Leaks of Classified Info Surge Under Trump
The number of leaks of classified information reported as potential crimes by federal agencies reached record high levels during the first two years of the Trump Administration, according to data released by the Justice Department last week.
Agencies transmitted 120 leak referrals to the Justice Department in 2017, and 88 leak referrals in 2018, for an average of 104 per year. By comparison, the average number of leak referrals during the Obama Administration (2009–2016) was 39 per year.
There are a “staggering number of leaks,” then-Attorney General Jeff Sessions said at an August 4, 2017 briefing about efforts to prevent the unauthorized disclosures.
“Referrals for investigations of classified leaks to the Department of Justice from our intelligence agencies have exploded,” AG Sessions said at that time. He outlined several steps that the Administration would take to combat leaks of classified information, including tripling the number of active leak investigations by the FBI.
“We had about nine open investigations of classified leaks in the last 3 years,” he told the House Judiciary Committee at a November 2017 hearing. “We have 27 investigations open today.” (Some of those investigations pertain to leaks that occurred before President Trump took office.)
“We intend to get to the bottom of these leaks. I think it reached—has reached epidemic proportions. It cannot be allowed to continue,” Sessions said then, “and we will do our best effort to ensure that it does not continue.”
But it has continued. Despite preventive efforts, the 2018 total of 88 leak referrals was still higher than any reported pre-Trump figure. (The previous high in recent decades had been 55 referrals in 2013 and in 2007. The lowest was 18 in 2015.)

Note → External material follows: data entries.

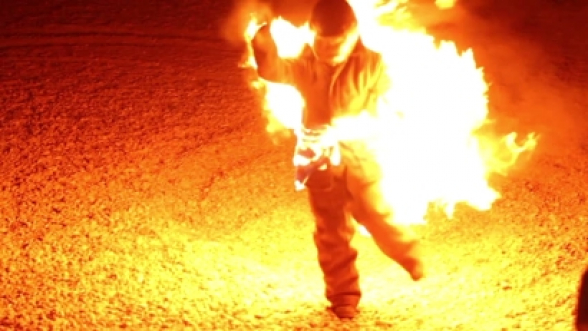 Մարմնի 90 տոկոս այրվածքներով Այրվածքաբանության կենտրոն է տեղափոխվել մի տղամարդ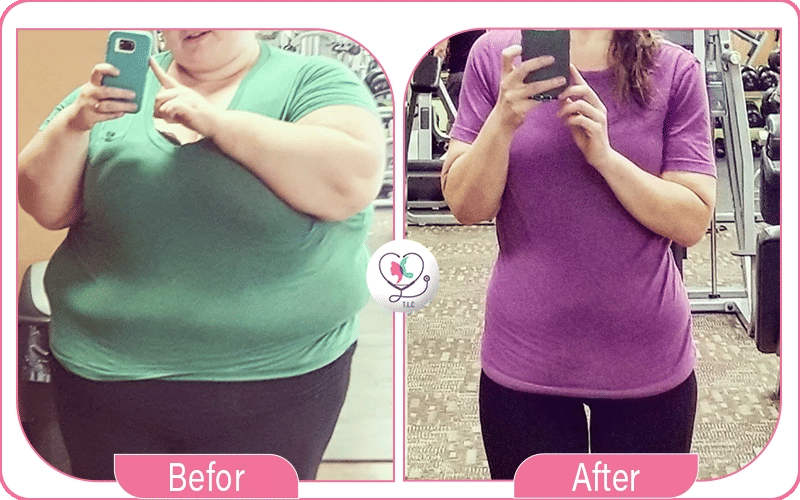 مراحل إجراء تجربتي مع بالون المعدة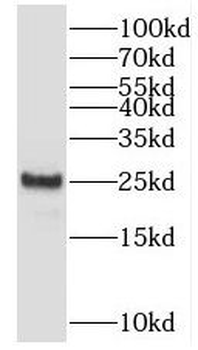 SAR1B Rabbit Polyclonal Antibody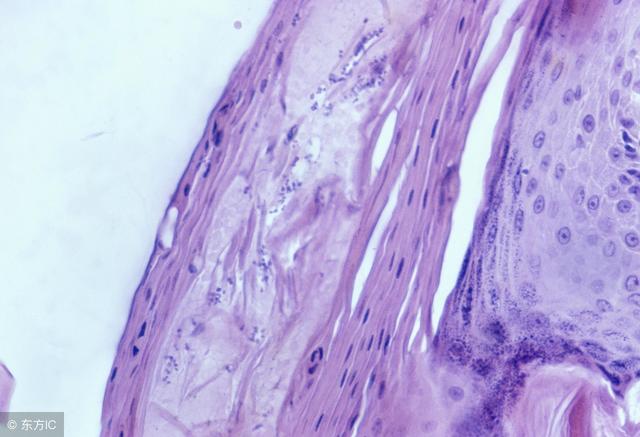 毛囊炎是什么样子的图片，粉刺是什么样子图片（毛囊炎的表现症状有哪些）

Not all leaks of classified information generate such criminal referrals. Disclosures that are inadvertent, insignificant, or officially authorized would not be reported to the Justice Department as suspected crimes.

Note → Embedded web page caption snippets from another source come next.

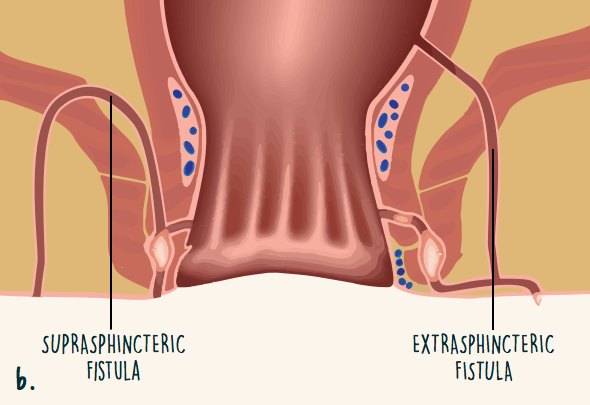 Location of suprasphincteric fistula and extrasphincteric fistula within the ano-rectal anatomy.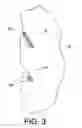 Fig. 03 - ORAL CLEANING DEVICE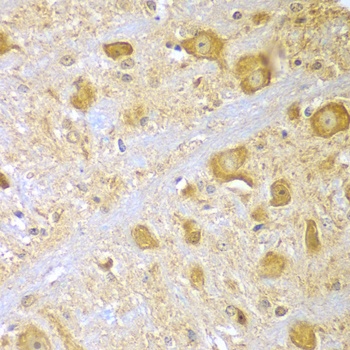 SPAG16 Antibody抗体，orb1256360，b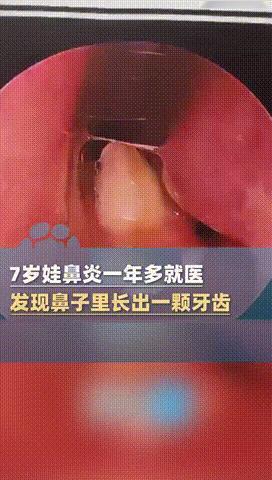 “过于离谱！”河南，7岁男孩患上鼻炎1年半，因为难受得不行，家长便带他去医院检查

Meanwhile, only a fraction of the classified leaks that are reported by agencies ever result in an investigation, and only a portion of those lead to identification of a suspect and even fewer to a prosecution.
“While DOJ and the FBI receive numerous media leak referrals each year, the FBI opens only a limited number of investigations based on these referrals,” the FBI told Congress in 2009. “In most cases, the information included in the referral is not adequate to initiate an investigation.”
The newly released aggregate data on classified leak referrals serve as a reminder that leaks of classified information are a “normal,” predictable occurrence. There is not a single year in the past decade and a half for which data are available when there were no such criminal referrals.
But the data as released leave several questions unanswered. They do not reveal how many of the referrals actually triggered an FBI investigation. They do not indicate whether the leaks are evenly distributed across the national security bureaucracy or concentrated in one or more “problem” agencies (or congressional committees). And they do not distinguish between leaks that simply “hurt our country,” as the Attorney General put it, and those that are complicated by a significant public interest in the information that was disclosed.